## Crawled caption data
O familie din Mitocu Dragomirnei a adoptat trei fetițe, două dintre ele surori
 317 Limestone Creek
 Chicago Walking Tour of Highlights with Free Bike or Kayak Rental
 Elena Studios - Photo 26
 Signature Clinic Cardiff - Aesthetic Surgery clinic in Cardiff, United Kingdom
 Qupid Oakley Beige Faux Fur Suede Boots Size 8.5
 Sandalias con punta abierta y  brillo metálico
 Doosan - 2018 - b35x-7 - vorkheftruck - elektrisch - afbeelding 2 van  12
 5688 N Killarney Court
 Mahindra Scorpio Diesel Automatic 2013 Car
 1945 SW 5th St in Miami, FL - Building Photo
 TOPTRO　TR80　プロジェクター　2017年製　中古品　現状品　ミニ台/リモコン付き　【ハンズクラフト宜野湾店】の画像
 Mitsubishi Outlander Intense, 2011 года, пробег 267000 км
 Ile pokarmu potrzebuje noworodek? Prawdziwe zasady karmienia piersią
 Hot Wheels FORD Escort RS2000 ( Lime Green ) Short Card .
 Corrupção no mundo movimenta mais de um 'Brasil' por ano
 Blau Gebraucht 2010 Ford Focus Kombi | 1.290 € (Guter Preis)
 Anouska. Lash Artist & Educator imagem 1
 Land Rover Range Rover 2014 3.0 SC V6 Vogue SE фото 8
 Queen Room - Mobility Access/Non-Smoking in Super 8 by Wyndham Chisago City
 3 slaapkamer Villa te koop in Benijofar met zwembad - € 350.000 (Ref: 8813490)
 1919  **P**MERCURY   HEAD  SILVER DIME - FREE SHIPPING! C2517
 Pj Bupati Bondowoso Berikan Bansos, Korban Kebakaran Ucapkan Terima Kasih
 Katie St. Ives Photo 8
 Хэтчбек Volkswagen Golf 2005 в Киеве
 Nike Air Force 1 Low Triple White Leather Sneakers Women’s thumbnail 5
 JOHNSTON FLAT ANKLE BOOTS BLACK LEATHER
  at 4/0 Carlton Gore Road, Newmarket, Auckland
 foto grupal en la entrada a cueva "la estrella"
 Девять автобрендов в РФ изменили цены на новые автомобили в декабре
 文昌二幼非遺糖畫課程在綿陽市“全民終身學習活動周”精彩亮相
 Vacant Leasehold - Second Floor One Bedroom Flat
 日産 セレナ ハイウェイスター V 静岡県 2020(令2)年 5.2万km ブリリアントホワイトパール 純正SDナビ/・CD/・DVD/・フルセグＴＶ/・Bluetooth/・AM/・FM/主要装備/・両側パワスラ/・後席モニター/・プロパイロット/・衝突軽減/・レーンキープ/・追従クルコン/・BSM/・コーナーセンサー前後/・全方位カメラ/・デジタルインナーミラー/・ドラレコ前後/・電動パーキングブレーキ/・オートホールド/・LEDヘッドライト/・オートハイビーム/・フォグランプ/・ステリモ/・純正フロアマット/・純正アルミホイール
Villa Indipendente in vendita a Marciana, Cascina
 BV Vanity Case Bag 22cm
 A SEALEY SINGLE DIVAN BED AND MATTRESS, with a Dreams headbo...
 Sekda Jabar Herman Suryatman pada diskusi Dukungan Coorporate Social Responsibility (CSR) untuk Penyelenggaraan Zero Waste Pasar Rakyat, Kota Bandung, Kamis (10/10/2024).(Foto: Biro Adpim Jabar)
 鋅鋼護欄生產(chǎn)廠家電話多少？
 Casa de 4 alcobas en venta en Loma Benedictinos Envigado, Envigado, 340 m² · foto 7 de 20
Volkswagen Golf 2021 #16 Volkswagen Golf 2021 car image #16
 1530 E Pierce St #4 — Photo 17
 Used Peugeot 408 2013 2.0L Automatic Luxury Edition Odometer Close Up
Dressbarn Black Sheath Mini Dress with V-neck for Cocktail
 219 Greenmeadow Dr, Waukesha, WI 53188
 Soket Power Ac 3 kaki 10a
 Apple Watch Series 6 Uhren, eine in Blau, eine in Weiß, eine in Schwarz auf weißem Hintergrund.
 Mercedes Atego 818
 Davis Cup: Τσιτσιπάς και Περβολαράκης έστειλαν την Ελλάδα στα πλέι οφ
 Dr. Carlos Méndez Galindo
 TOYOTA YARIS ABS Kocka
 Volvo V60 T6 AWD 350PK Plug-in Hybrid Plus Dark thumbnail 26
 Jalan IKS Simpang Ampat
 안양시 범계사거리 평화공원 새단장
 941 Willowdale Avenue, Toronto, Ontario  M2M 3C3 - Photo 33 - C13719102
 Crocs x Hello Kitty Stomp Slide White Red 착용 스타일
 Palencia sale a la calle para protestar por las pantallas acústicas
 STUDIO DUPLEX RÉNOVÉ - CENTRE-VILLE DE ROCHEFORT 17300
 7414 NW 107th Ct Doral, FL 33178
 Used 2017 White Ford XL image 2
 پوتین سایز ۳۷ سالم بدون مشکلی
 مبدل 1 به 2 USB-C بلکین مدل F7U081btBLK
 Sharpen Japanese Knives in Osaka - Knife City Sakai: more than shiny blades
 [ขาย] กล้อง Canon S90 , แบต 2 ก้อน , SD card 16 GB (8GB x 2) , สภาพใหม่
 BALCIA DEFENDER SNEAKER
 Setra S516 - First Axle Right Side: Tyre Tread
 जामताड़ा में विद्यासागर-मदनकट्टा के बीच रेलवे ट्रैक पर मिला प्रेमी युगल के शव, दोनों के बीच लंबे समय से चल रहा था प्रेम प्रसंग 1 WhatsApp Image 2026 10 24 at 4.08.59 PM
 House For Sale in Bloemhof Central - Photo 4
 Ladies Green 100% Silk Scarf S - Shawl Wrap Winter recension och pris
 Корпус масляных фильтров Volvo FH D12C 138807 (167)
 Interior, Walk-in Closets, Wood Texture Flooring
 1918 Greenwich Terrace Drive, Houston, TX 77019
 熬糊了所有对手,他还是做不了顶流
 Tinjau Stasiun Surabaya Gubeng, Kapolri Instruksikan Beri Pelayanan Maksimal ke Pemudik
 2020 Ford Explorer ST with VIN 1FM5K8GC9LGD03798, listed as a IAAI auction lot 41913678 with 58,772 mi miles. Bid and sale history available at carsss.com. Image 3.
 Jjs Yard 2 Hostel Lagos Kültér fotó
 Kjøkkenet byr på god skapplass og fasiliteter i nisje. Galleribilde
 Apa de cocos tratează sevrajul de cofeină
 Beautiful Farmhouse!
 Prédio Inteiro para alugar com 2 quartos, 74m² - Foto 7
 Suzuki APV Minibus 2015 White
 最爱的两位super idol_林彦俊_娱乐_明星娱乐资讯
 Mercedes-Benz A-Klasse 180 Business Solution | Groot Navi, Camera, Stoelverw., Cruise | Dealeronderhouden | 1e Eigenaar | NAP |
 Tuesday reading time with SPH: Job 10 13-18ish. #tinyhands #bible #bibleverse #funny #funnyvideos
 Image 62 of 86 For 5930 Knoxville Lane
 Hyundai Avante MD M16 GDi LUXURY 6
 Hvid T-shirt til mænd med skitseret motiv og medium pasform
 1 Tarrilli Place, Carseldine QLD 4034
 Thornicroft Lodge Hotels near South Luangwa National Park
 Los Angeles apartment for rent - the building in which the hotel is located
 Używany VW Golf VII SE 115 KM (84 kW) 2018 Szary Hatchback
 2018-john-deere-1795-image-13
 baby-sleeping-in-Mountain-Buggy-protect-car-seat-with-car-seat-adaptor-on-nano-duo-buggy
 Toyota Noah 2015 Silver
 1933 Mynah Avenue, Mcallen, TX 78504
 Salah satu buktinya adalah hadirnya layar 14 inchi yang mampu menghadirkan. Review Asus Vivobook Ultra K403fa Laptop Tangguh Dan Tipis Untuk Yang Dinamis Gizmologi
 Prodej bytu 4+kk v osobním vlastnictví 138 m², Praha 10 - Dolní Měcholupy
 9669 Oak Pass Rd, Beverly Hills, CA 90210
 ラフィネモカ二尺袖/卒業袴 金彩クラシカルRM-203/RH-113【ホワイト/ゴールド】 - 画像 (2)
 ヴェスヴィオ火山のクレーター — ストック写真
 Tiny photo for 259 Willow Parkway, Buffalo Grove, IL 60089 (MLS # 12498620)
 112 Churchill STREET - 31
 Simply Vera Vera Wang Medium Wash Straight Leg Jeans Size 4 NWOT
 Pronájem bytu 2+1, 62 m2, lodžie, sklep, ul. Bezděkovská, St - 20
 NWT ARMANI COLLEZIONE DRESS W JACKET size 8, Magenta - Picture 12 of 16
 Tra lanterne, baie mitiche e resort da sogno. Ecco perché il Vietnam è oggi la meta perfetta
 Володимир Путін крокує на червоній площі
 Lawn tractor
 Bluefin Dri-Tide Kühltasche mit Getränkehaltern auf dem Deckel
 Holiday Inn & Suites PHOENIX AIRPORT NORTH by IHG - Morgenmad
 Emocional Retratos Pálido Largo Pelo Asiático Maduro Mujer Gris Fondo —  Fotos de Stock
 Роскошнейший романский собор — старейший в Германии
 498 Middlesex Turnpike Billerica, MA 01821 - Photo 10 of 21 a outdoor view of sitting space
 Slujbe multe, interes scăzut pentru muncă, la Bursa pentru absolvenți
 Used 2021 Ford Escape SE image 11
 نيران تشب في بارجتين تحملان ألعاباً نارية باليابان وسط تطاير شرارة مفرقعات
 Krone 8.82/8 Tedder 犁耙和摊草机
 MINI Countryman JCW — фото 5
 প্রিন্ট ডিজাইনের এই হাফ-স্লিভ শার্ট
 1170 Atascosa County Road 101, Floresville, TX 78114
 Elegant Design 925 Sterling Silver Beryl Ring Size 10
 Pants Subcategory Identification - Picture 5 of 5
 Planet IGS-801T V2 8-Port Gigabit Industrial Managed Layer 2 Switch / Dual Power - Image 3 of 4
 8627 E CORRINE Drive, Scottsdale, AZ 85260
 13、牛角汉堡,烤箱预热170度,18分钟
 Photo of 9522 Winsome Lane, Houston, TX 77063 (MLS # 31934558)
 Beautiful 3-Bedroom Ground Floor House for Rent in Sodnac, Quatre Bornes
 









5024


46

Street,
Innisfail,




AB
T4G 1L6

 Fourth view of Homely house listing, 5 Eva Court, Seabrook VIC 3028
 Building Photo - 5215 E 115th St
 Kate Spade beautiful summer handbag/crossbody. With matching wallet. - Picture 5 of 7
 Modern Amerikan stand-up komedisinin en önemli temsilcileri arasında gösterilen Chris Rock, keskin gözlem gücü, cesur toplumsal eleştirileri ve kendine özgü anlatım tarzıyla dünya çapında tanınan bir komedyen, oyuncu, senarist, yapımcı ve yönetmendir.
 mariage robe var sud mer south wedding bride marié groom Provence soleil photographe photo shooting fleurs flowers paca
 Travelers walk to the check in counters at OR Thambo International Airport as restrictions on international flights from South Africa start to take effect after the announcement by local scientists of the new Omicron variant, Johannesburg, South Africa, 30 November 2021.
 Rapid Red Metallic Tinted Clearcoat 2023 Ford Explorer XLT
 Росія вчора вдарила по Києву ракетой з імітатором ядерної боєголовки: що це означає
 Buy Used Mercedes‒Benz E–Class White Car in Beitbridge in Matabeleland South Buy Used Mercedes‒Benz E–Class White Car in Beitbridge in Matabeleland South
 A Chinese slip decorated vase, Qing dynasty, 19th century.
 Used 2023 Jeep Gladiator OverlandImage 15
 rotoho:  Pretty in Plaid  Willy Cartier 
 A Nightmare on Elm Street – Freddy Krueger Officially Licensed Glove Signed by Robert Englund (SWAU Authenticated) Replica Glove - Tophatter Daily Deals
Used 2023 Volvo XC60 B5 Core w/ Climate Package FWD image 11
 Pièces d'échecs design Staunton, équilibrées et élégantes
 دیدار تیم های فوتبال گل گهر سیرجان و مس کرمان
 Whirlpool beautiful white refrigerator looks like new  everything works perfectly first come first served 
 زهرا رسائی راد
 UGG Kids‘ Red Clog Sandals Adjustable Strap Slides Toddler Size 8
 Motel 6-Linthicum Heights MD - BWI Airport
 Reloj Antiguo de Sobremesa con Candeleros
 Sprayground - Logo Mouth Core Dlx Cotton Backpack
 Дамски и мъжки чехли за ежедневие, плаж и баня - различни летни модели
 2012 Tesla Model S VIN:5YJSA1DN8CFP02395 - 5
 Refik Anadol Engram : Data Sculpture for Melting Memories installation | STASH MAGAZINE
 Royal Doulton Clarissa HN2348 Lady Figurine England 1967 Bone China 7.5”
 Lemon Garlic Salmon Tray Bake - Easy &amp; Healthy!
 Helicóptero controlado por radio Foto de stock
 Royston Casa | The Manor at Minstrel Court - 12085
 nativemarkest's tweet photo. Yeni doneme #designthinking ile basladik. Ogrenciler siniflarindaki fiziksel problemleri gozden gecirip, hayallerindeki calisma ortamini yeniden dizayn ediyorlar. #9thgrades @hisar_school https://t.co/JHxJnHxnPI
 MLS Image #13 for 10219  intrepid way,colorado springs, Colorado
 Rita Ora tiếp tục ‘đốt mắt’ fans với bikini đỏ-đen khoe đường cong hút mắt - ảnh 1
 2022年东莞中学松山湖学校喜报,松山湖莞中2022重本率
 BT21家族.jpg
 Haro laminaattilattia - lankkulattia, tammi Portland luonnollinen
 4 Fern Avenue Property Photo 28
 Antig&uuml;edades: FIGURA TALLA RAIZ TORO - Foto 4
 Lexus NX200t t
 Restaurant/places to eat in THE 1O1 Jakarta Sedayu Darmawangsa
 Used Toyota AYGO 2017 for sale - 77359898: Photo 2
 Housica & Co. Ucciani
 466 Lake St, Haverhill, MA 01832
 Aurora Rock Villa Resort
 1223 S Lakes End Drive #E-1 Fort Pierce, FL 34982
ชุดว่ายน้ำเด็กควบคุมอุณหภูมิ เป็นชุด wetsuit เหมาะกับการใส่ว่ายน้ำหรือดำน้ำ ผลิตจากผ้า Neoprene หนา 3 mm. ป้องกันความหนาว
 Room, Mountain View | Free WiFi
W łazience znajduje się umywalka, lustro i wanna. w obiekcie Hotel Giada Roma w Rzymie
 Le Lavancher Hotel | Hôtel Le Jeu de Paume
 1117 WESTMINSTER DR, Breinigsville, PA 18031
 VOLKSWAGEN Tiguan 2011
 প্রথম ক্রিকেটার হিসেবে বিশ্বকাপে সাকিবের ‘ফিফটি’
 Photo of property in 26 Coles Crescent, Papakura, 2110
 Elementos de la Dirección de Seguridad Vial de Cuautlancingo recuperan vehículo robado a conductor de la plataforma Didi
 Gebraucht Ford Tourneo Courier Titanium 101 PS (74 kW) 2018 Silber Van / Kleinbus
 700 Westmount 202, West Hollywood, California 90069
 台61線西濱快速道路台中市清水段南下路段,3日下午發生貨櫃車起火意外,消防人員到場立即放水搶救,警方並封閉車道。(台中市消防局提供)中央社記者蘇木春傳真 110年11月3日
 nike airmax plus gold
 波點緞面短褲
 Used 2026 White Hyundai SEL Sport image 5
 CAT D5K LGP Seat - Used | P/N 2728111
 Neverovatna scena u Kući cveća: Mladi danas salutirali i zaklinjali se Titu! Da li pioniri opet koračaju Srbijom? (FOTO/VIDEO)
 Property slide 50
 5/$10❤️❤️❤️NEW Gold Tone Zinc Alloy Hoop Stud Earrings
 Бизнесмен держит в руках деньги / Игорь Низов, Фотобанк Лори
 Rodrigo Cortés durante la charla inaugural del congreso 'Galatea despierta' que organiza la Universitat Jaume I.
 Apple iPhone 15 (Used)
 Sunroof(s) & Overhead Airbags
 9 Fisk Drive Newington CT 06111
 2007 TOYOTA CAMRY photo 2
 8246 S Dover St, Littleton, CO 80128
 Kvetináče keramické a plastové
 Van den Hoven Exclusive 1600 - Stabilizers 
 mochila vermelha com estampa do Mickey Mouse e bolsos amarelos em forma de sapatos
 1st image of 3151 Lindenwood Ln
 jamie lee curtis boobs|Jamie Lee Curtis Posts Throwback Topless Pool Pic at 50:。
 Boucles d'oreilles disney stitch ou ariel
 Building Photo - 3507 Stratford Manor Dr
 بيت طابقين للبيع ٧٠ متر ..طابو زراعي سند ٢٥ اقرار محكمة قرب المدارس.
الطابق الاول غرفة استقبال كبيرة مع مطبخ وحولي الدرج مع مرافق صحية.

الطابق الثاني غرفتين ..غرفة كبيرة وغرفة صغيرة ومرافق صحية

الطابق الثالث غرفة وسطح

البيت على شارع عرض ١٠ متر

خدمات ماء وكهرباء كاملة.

## WORK ORDER
The answer is the run of lines above from the line containing "Vacant Leasehold - Second" through the line containing "1530 E Pierce St #4 — Photo 17", copied exactly and alone.

## REPLY
 Vacant Leasehold - Second Floor One Bedroom Flat
 日産 セレナ ハイウェイスター V 静岡県 2020(令2)年 5.2万km ブリリアントホワイトパール 純正SDナビ/・CD/・DVD/・フルセグＴＶ/・Bluetooth/・AM/・FM/主要装備/・両側パワスラ/・後席モニター/・プロパイロット/・衝突軽減/・レーンキープ/・追従クルコン/・BSM/・コーナーセンサー前後/・全方位カメラ/・デジタルインナーミラー/・ドラレコ前後/・電動パーキングブレーキ/・オートホールド/・LEDヘッドライト/・オートハイビーム/・フォグランプ/・ステリモ/・純正フロアマット/・純正アルミホイール
Villa Indipendente in vendita a Marciana, Cascina
 BV Vanity Case Bag 22cm
 A SEALEY SINGLE DIVAN BED AND MATTRESS, with a Dreams headbo...
 Sekda Jabar Herman Suryatman pada diskusi Dukungan Coorporate Social Responsibility (CSR) untuk Penyelenggaraan Zero Waste Pasar Rakyat, Kota Bandung, Kamis (10/10/2024).(Foto: Biro Adpim Jabar)
 鋅鋼護欄生產(chǎn)廠家電話多少？
 Casa de 4 alcobas en venta en Loma Benedictinos Envigado, Envigado, 340 m² · foto 7 de 20
Volkswagen Golf 2021 #16 Volkswagen Golf 2021 car image #16
 1530 E Pierce St #4 — Photo 17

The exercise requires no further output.